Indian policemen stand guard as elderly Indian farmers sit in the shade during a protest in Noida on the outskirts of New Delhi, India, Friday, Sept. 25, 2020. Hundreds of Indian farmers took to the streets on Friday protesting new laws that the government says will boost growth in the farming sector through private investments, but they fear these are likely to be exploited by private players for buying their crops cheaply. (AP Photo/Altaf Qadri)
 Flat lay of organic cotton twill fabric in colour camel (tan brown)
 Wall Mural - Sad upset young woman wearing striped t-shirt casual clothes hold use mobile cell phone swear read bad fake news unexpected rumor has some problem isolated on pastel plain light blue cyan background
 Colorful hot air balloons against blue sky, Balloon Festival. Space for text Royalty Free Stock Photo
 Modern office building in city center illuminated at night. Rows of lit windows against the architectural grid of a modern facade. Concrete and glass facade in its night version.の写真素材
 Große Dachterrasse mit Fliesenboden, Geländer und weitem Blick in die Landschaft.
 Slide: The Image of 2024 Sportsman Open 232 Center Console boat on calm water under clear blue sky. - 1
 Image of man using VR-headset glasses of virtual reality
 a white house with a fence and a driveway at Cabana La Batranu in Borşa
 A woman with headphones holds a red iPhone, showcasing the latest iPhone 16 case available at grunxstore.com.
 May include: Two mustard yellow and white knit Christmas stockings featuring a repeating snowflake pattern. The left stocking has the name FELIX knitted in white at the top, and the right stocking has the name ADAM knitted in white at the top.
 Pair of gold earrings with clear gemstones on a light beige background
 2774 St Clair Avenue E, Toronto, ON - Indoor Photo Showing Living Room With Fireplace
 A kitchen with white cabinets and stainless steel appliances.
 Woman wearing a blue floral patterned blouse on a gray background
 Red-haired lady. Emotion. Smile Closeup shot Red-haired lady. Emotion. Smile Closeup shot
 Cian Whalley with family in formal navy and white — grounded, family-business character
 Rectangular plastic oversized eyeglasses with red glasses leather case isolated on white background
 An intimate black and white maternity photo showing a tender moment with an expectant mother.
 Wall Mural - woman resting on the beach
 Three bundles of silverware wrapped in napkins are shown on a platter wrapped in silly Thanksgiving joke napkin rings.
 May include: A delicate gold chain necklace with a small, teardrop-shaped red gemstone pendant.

▸ Exercise requirements: Proceeding from the line containing "Flat lay of" through the line containing "Wall Mural - Sad", transcribe the lines above exactly, both end lines included.

▸ Result:
 Flat lay of organic cotton twill fabric in colour camel (tan brown)
 Wall Mural - Sad upset young woman wearing striped t-shirt casual clothes hold use mobile cell phone swear read bad fake news unexpected rumor has some problem isolated on pastel plain light blue cyan background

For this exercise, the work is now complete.